The following example reads from a Kafka topic:

CREATE OR REFRESH STREAMING TABLE events_raw
AS SELECT *
FROM STREAM read_kafka(
  bootstrapServers => 'kafka_server:9092',
  subscribe => 'events_topic'
)

For Azure Event Hubs, you use the Kafka-compatible interface. Event Hubs requires authentication using a connection string stored securely in Azure Databricks secrets:

from pyspark import pipelines as dp

EH_NAMESPACE = spark.conf.get("eh.namespace")
EH_NAME = spark.conf.get("eh.name")
EH_CONN_STR = dbutils.secrets.get(scope="eh-secrets", key="connection-string")

KAFKA_OPTIONS = {
    "kafka.bootstrap.servers": f"{EH_NAMESPACE}.servicebus.windows.net:9093",
    "subscribe": EH_NAME,
    "kafka.sasl.mechanism": "PLAIN",
    "kafka.security.protocol": "SASL_SSL",
    "kafka.sasl.jaas.config": f'kafkashaded.org.apache.kafka.common.security.plain.PlainLoginModule required username="$ConnectionString" password="{EH_CONN_STR}";'
}

@dp.table
def events_bronze():
    return (
        spark.readStream
            .format("kafka")
            .options(**KAFKA_OPTIONS)
            .load()
    )

Store sensitive connection information in Azure Databricks secrets rather than hardcoding values in your pipeline code. Use pipeline parameters (configured in settings) to pass non-sensitive configuration values like namespace names.

Handle schema inference and evolution

When ingesting semi-structured data like JSON, you often don't know the exact schema in advance. Lakeflow Spark Declarative Pipelines provides automatic schema inference and evolution through the from_json function.

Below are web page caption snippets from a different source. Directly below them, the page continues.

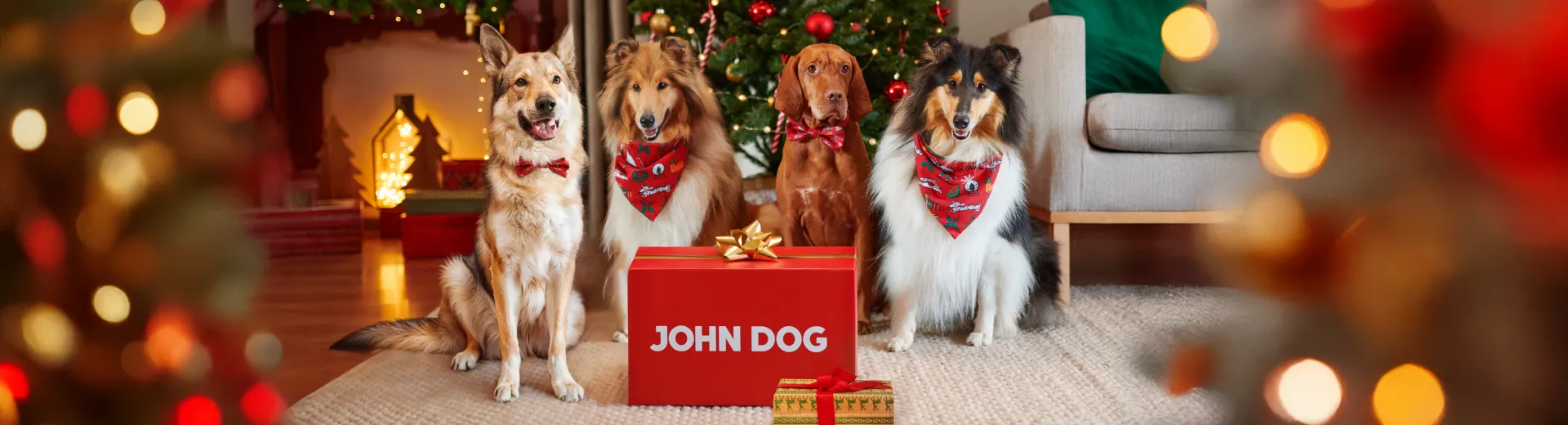 Świąteczny banner John Dog z psami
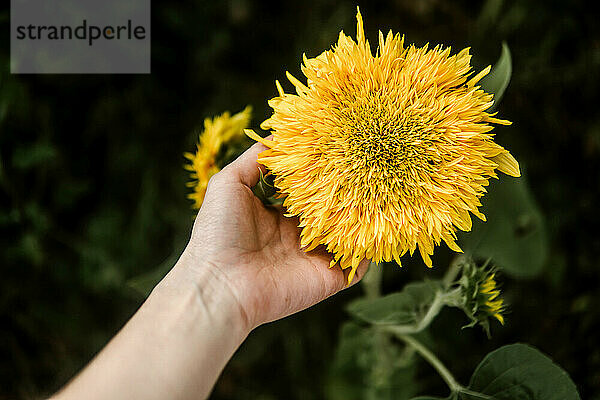Die Hand einer Frau hält eine Sonnenblume im Garten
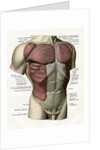 Illustration of the Muscles and Ligaments of the Human Torso by Anonymous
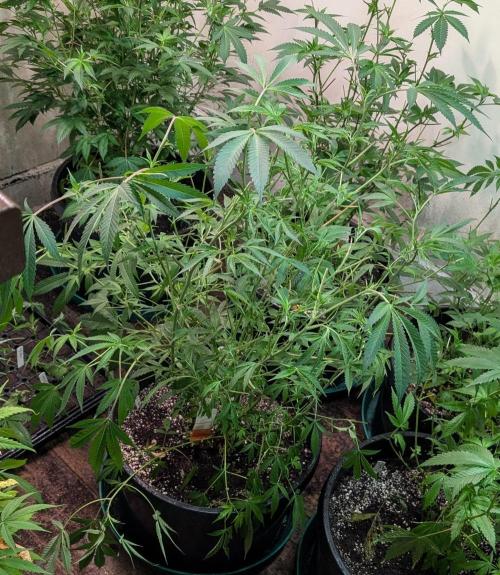 Sunset Sherbet. Week 16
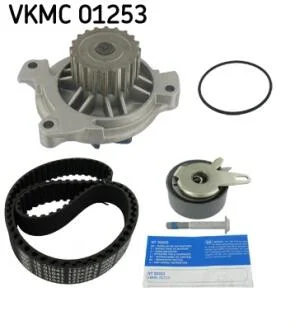 Комплект (ремень+ролик+насос) SKF VKMC 01253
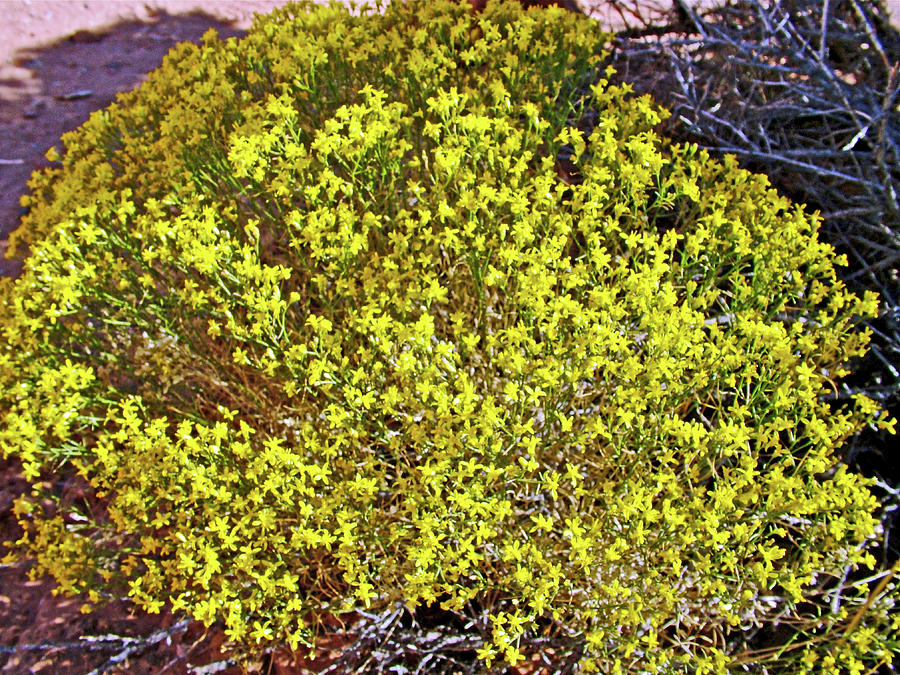 Broom Snakeweed in Island in the Sky District of Canyonlands National Park, Utah Photograph by Ruth Hager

CREATE STREAMING TABLE events_parsed AS
SELECT
    from_json(value, NULL, 
        map('schemaLocationKey', 'events_schema',
            'schemaEvolutionMode', 'addNewColumns')) AS parsed
FROM STREAM read_kafka(
    bootstrapServers => 'kafka_server:9092',
    subscribe => 'events_topic'
)

Setting the schema to NULL enables automatic inference. The schemaLocationKey uniquely identifies where the schema is stored. When new fields appear in the source data, the pipeline detects them and can automatically add them to the schema.

The schemaEvolutionMode controls how the pipeline responds to schema changes:

Mode Behavior
addNewColumns New columns are added to the schema automatically. This is the default.
rescue New columns are captured in a _rescued_data column instead of being added.
failOnNewColumns The pipeline fails when new columns are detected.
none New columns are ignored and not rescued.

For columns that don't match the inferred schema (type mismatches or unexpected fields), a _rescued_data column captures the data to prevent loss.

Note

If you need strict control over the schema, provide explicit schema hints instead of relying on automatic inference: map('schemaHints', 'order_id INT, amount DECIMAL(10,2)')

When your ingestion pipeline is running, you can monitor progress through the pipeline event log and the Lakeflow Pipelines Editor. The editor provides execution insights, data previews, and a directed acyclic graph (DAG) showing table dependencies. For production workloads, configure notifications in the pipeline settings to receive alerts when issues occur.